• **Dataset extract**:
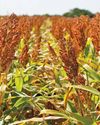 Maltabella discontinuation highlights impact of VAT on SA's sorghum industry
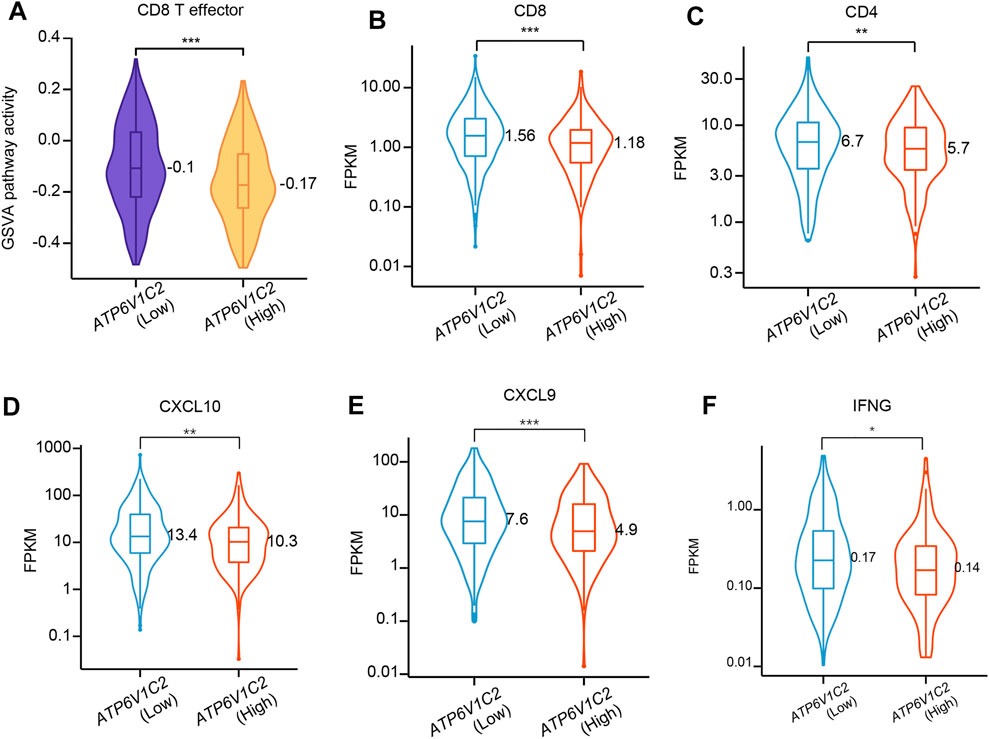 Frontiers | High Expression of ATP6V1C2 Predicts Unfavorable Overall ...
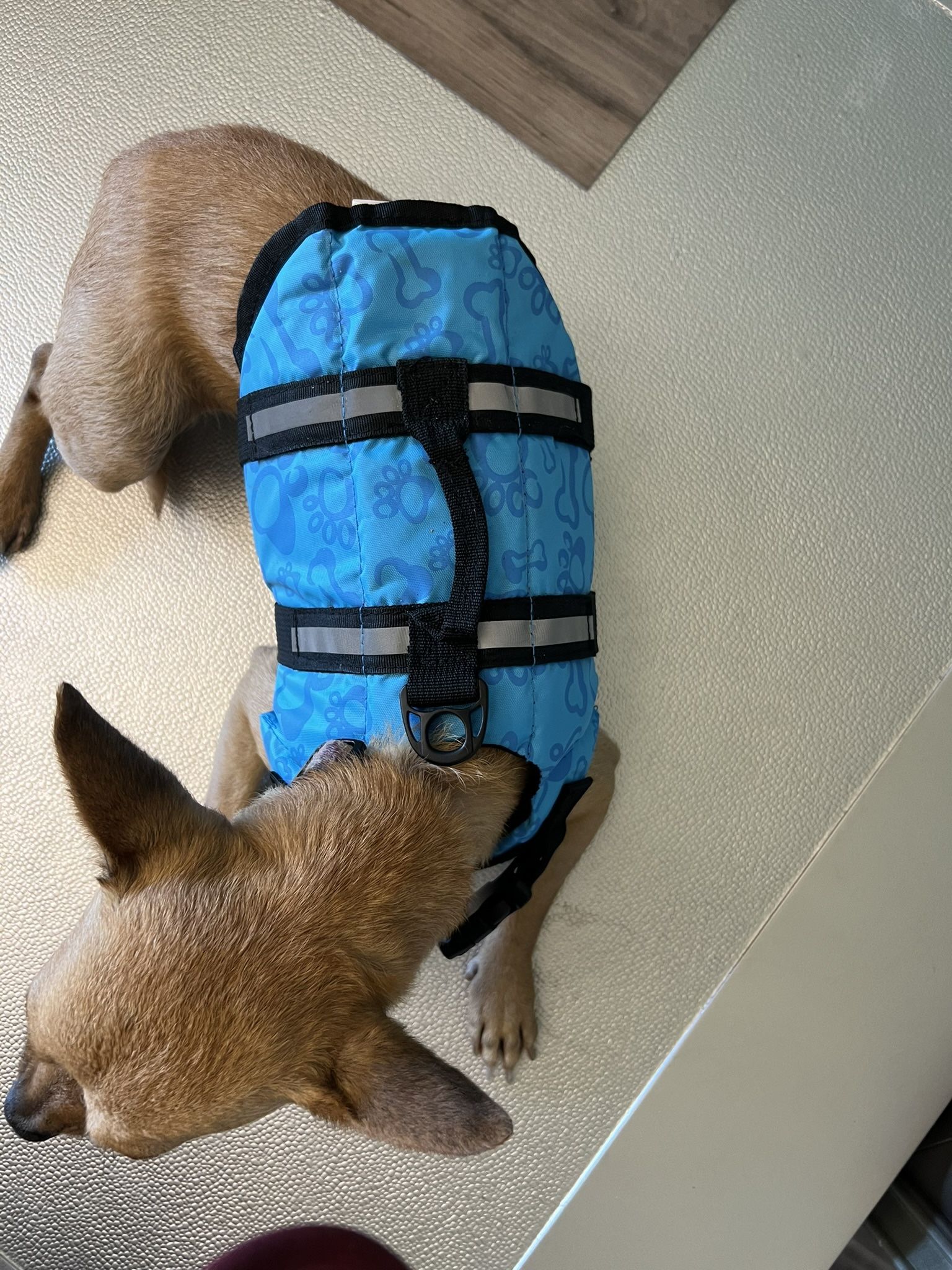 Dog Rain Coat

• **Problem to work on**: Copy the line showing "Frontiers | High" exactly, along with each line after it through the end of the material above. Pictures stay out.

• **Solution to the exercise**:
 Frontiers | High Expression of ATP6V1C2 Predicts Unfavorable Overall ...
 Dog Rain Coat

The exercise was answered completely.